Exercise details: Below, some lines carry pictures; leave those pictures out and retype exactly the lines from the one with "Оф. сайт организации techprm.ru" through the one with "هاليبرتون توظيف بشكل".

Data for processing:
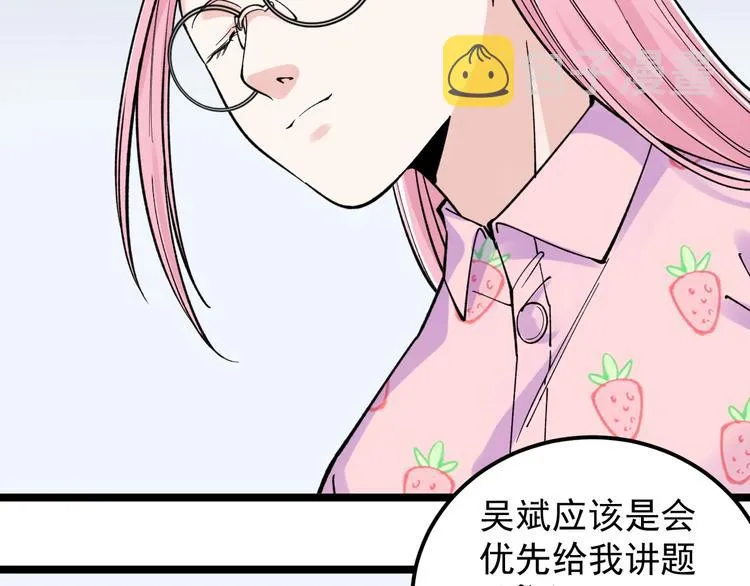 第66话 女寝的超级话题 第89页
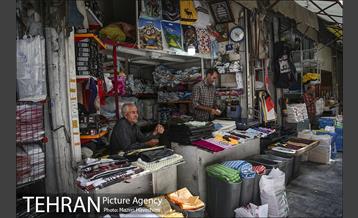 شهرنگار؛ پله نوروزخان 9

* * *

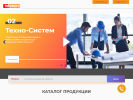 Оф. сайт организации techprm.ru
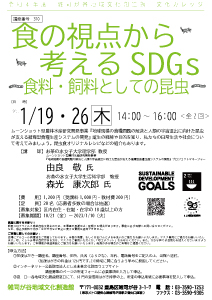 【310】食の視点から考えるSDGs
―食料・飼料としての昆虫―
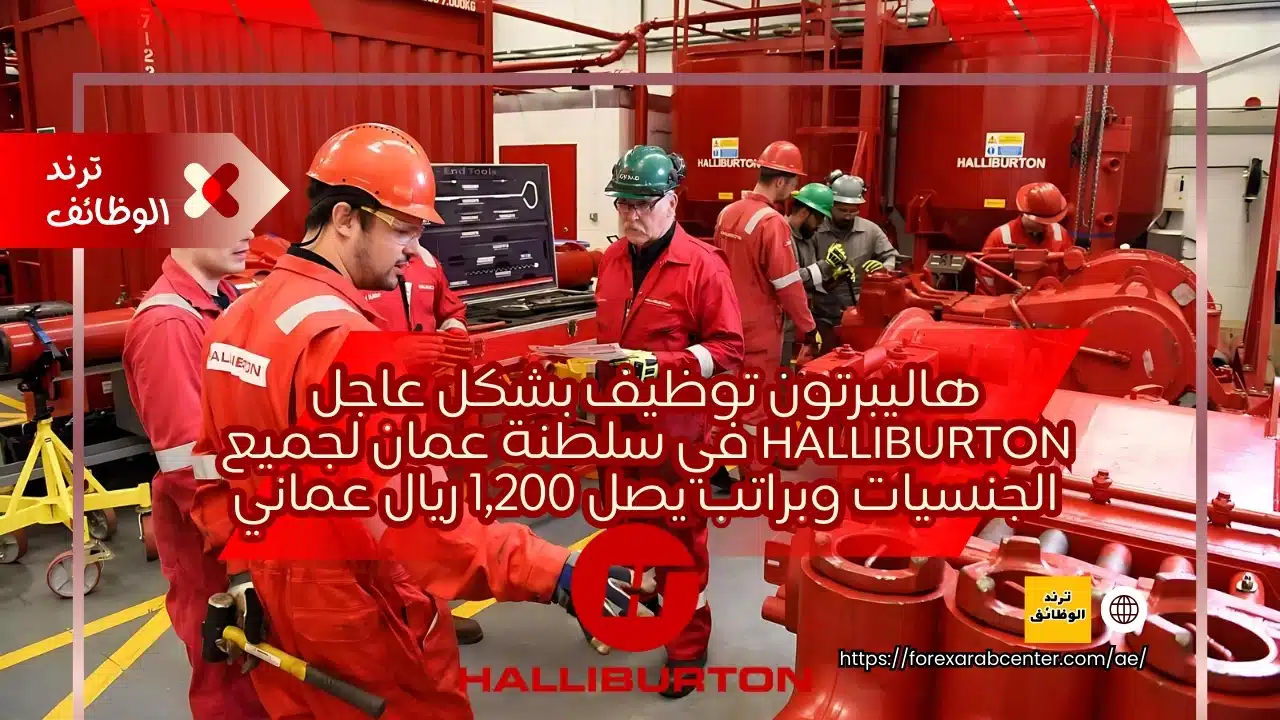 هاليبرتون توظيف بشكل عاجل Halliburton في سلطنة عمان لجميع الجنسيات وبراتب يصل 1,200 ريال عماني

Output of the exercise:
 Оф. сайт организации techprm.ru
 【310】食の視点から考えるSDGs
―食料・飼料としての昆虫―
 هاليبرتون توظيف بشكل عاجل Halliburton في سلطنة عمان لجميع الجنسيات وبراتب يصل 1,200 ريال عماني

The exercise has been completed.